On Thursday, former Ireland captain William Porterfield announced his retirement from international and representative cricket (June 16). Porterfield concluded his career as Ireland’s third most capped player and second greatest run-getter.
Porterfield took up the captaincy from Trent Johnston in 2008 and went on to lead his team 253 times, the most in Ireland’s history by a long shot. The 37-year-old also led Ireland to their first-ever Test victory against Pakistan in 2018.
After 11 years as captain, the left-hander stood down in November 2019, turning over the reins to Andrew Balbirnie. Porterfield, who has a low T20 record, hasn’t played for Ireland in almost four years, but he has led from the front numerous times in the 50-over format. He went on to achieve 11 ODI hundreds in 148 appearances, including one against Pakistan in the 2015 World Cup.

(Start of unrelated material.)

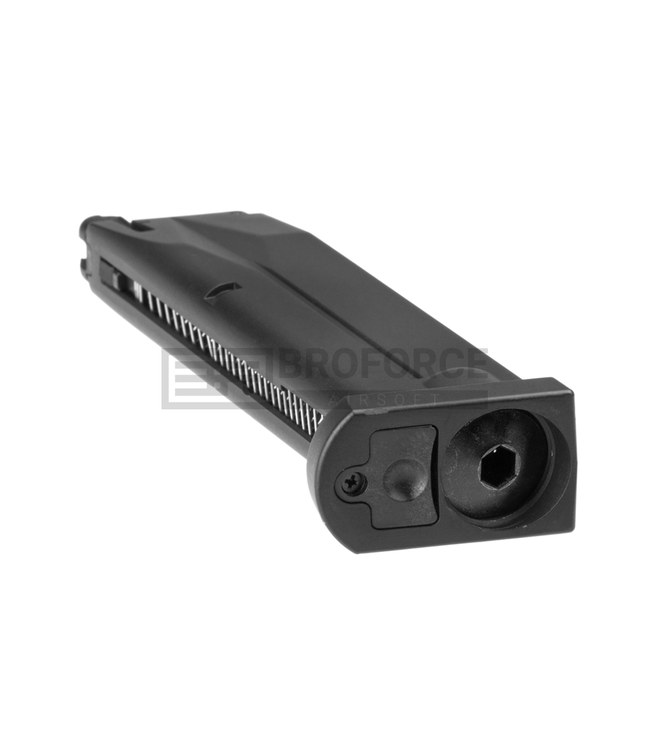 KWC Magazine M92 Co2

The veteran, who previously played for Gloucestershire and Warwickshire, said that he has been offered a position as a consultant coach for his former club. “I’ve been given the opportunity to join Gloucestershire as a Consultant Coach until the conclusion of the season,” he explained. “It’s a decision I’ve been thinking about for a week or so – and I’d want to thank Cricket Ireland for allowing me to get up and running in the role in the meantime.”

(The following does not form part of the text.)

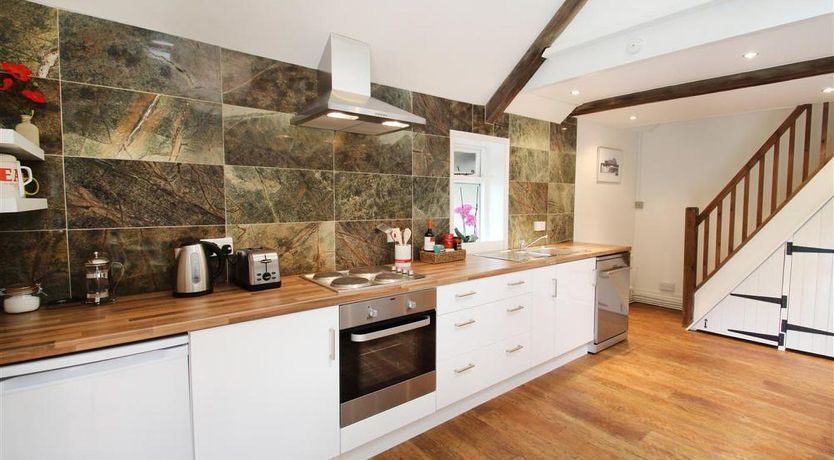 Photo of 1 Bed in Gower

“During my career, we’ve gone from an amateur team right through to now being a Test nation. From those before me, and along my journey, we have hopefully built an infrastructure that will allow the game in Ireland to continue to flourish. All I ever wanted to do was leave the shirt in a better place and leave the team in a better place, and hopefully, I’ve played a part in doing that,” William said.